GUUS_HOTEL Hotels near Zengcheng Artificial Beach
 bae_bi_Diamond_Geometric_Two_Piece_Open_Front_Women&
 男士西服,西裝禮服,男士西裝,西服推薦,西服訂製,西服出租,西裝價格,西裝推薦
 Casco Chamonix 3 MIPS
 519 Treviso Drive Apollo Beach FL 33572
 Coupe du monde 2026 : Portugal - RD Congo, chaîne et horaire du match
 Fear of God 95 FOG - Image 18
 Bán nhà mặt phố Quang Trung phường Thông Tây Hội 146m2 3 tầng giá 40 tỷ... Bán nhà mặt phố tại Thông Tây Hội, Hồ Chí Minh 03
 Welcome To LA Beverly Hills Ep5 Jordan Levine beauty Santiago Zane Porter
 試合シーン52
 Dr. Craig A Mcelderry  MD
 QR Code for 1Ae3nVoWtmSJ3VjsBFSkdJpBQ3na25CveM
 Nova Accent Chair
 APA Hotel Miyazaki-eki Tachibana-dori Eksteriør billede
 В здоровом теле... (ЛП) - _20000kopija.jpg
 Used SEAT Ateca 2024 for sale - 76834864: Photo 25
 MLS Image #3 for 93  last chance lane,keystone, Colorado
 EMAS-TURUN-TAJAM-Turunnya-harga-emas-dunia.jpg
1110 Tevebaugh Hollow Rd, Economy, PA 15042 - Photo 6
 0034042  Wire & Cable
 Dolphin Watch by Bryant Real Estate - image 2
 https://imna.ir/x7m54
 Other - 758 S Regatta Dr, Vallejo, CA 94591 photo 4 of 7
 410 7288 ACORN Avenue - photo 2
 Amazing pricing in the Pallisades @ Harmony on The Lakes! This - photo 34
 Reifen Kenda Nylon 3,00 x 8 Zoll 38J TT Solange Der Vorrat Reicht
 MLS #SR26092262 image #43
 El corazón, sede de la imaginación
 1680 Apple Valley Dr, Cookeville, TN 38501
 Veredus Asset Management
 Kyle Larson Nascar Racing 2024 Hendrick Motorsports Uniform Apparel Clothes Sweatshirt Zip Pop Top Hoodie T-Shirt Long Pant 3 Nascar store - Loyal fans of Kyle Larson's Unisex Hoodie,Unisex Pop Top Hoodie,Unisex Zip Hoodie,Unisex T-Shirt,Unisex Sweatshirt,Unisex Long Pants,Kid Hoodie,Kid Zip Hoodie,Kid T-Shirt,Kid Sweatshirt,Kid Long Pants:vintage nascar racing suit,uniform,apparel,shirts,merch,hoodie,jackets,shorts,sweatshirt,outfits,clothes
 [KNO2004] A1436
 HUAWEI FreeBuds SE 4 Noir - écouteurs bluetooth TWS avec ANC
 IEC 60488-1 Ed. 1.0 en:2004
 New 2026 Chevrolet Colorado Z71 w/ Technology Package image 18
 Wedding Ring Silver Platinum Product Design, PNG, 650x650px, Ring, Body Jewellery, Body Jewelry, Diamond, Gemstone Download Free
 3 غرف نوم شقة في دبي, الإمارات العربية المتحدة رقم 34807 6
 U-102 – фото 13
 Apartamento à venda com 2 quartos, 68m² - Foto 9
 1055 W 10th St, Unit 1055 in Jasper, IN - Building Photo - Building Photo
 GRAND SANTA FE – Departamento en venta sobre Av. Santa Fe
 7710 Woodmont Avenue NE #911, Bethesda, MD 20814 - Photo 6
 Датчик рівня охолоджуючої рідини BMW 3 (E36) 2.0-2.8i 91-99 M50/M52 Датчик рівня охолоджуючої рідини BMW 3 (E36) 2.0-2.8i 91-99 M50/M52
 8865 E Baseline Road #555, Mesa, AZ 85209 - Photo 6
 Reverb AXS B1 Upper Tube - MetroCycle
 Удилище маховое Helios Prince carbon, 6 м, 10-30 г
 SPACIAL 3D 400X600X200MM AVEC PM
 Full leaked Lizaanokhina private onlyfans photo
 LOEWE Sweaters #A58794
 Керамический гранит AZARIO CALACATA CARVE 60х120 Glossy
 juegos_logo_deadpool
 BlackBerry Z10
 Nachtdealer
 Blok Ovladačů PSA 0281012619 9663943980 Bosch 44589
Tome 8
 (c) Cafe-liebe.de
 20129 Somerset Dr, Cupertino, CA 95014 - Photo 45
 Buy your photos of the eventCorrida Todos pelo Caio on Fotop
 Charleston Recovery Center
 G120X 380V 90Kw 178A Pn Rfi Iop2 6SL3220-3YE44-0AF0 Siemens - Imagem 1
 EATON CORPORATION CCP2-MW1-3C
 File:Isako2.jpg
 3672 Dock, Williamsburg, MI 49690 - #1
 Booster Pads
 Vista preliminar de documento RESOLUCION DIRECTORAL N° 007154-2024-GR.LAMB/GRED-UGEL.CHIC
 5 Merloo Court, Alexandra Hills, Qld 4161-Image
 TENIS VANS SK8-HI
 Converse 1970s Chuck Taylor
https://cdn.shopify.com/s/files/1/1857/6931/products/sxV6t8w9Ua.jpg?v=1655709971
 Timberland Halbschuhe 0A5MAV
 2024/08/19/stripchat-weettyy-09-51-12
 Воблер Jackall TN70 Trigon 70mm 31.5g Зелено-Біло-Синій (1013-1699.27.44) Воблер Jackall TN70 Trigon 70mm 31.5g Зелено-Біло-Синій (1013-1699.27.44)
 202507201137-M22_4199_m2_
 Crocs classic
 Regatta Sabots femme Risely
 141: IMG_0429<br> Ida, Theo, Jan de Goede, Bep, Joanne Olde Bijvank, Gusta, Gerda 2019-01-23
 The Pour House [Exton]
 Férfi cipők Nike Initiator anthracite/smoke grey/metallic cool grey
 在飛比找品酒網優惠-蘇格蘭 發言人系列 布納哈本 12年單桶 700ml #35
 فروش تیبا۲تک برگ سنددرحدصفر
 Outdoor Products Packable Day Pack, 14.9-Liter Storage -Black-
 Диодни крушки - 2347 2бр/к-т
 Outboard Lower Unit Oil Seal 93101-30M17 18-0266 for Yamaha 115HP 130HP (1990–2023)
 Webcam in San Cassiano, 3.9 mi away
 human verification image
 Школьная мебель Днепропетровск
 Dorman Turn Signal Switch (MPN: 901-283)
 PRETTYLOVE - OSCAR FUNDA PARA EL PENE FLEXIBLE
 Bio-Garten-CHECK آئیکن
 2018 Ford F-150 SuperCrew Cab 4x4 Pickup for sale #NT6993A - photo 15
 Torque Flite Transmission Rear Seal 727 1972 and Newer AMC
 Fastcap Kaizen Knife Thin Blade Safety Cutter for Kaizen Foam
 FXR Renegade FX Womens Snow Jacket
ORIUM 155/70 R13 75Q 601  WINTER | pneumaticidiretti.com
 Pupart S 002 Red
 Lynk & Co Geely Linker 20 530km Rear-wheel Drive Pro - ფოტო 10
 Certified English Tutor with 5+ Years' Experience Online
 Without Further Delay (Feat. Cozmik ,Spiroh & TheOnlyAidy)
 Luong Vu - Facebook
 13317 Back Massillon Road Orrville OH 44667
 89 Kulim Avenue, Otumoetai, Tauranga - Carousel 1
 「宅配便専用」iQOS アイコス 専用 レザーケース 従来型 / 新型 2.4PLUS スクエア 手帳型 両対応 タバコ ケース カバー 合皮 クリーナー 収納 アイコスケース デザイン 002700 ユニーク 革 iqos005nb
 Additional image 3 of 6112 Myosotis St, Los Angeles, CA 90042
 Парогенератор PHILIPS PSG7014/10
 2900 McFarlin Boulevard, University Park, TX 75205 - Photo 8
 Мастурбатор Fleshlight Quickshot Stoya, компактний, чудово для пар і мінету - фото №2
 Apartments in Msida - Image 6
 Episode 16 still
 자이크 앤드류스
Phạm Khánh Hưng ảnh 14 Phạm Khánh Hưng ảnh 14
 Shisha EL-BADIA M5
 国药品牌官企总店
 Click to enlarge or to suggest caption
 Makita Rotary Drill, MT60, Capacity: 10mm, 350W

● ● ● ●

| TASK DIRECTIONS |
Read the data above and pull out each line that holds the string "Hills".

| PROBLEM SOLUTION |
 Welcome To LA Beverly Hills Ep5 Jordan Levine beauty Santiago Zane Porter
 5 Merloo Court, Alexandra Hills, Qld 4161-Image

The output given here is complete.